### How to complete this task
Send back the records in full, character for character.

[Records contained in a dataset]
╭──

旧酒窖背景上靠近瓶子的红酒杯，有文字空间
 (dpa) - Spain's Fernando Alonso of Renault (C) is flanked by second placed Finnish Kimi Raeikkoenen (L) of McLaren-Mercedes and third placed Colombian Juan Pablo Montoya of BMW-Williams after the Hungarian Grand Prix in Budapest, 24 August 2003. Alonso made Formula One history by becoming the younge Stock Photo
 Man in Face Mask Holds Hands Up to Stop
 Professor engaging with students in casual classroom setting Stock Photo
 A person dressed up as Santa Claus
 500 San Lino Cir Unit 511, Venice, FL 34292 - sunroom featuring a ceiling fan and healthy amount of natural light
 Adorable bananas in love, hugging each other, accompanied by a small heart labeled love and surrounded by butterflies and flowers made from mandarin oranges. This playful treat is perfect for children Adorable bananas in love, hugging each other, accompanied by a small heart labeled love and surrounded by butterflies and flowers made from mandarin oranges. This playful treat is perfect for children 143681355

╰──

### Solution for this problem
旧酒窖背景上靠近瓶子的红酒杯，有文字空间
 (dpa) - Spain's Fernando Alonso of Renault (C) is flanked by second placed Finnish Kimi Raeikkoenen (L) of McLaren-Mercedes and third placed Colombian Juan Pablo Montoya of BMW-Williams after the Hungarian Grand Prix in Budapest, 24 August 2003. Alonso made Formula One history by becoming the younge Stock Photo
 Man in Face Mask Holds Hands Up to Stop
 Professor engaging with students in casual classroom setting Stock Photo
 A person dressed up as Santa Claus
 500 San Lino Cir Unit 511, Venice, FL 34292 - sunroom featuring a ceiling fan and healthy amount of natural light
 Adorable bananas in love, hugging each other, accompanied by a small heart labeled love and surrounded by butterflies and flowers made from mandarin oranges. This playful treat is perfect for children Adorable bananas in love, hugging each other, accompanied by a small heart labeled love and surrounded by butterflies and flowers made from mandarin oranges. This playful treat is perfect for children 143681355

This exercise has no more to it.